APSS said it received a call saying, not only did the cattle not have access to feed, but there were also dead animals on the property.
When officers showed up, they found 16 dead cows and said the majority of the herd was in poor condition.
The cattle belonging to Chad Mokelkey, are now in the care of APSS.
“Cattle are seized and are taken, in essentially what is protective custody, and delivered to a caretaker where they’re provided veterinary care and sufficient food, water and all the necessities they require,” said Don Ferguson, APSS executive director.
Once cattle are seized, Ferguson said the owner does have the right to get them back.
“They’re required to pay the cost associated with the seizure within a five-day period and they also have to rectify the conditions that resulted in the animals being removed in the first place,” Ferguson said.
Ferguson said the owner has requested to reclaim the animals back and at this point, details and billing are still being worked out.
Global News did speak with Mokelkey, who said he is working with his lawyer to get the cattle back, but because it’s unclear if he will face charges, he doesn’t want to comment any further at this time.
The RM of Browning said it was made aware of the situation a few weeks ago after receiving several complaints of cattle at large.
“We were concerned about the health of the herd- of the herd in general,” Reeve Pius Loustel said. “One of our councillors looked into it and found out what was going on, so we started dealing with it through the Stray Animals Act.”
After exploring their options, the Reeve says council wrote Mokelkey a letter outlining what he needed to do to fix the situation, but he never responded.

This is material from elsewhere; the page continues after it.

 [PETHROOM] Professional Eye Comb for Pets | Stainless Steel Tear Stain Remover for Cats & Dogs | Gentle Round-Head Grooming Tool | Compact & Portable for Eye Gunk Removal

As for charges, Ferguson said it’s a possibility.
“Most of our cases that result in seizure, they also result in charges being laid,” Ferguson said.
Ferguson added the extreme cold the province experienced during February could have impacted the condition of the cattle.
“Any animals that were going into the winter that may have been under conditions, the extreme cold temperatures would certainly expose that,” Ferguson said.
“If they’re not provided with the sufficient feed required to maintain it, it doesn’t take long to quickly deteriorate in terms of condition.”
Ferguson said they’ve seen a 20 per cent increase in call volume regarding the nature of cattle around the province.
APSS also seized more than 300 cattle for similar reasons near Stoughton, Sask., on Feb. 13-14.